In the present study, we examined retinal vascular oxygen saturation in patients with retinal vein occlusion (RVO), high blood pressure (HBP) and dyslipidemia, before and during intravitreal vascular endothelial growth factor (VEGF) injection (ranibizumab).

METHODS

We retrospectively reviewed the medical records of six patients with visual acuity (VA) reduced by macular edema (ME) secondary to RVO with HBP and dyslipidemia, who underwent intravitreal anti-VEGF injection between October 2014 and February 2015 in the department of ophthalmology of François-Quesnay Hospital at Mantes-la-Jolie (France).
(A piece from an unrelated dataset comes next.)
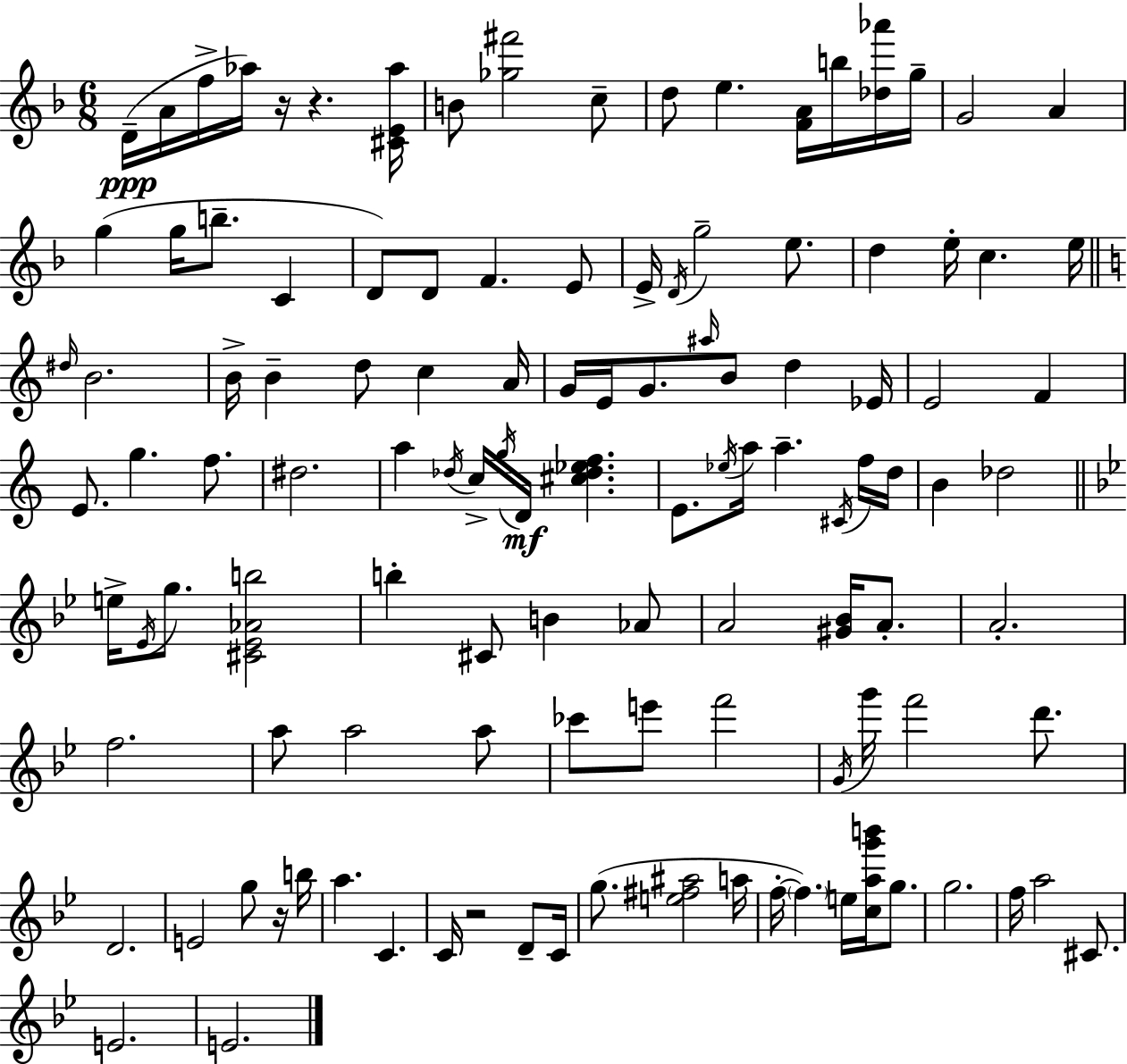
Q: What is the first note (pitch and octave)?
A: D4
The main inclusion criterion was the presence of RVO with ME and decreased VA. The primary endpoint was improvement of retinal venous oxygen saturation in patients with RVO before and 3 months after intravitreal ranibizumab injection. Secondary outcomes were improvement of retinal arterial oxygen saturation, improvement of best-corrected visual acuity (BCVA) on the Early Treatment Diabetic Retinopathy Study (ETDRS) scale, regression of ME measured by the central macular thickness (CMT) in nm and studying the correlation between blood pressure (BP) and retinal venous oxygen saturation before and after ranibizumab.

RESULTS

Six eyes of six patients were included. Before treatment, the mean (standard deviation [SD]) of the retinal venous saturation (%) was 38.1±14.2. Three months after the injections, the mean (SD) of the retinal venous saturation (%) increased statistically significantly 49.2±11 (P=0.03).

CONCLUSIONS

In this study, retinal venous oxygen saturation in patients with RVO, HBP and dyslipidemia was partially normalized during intravitreal ranibizumab treatment.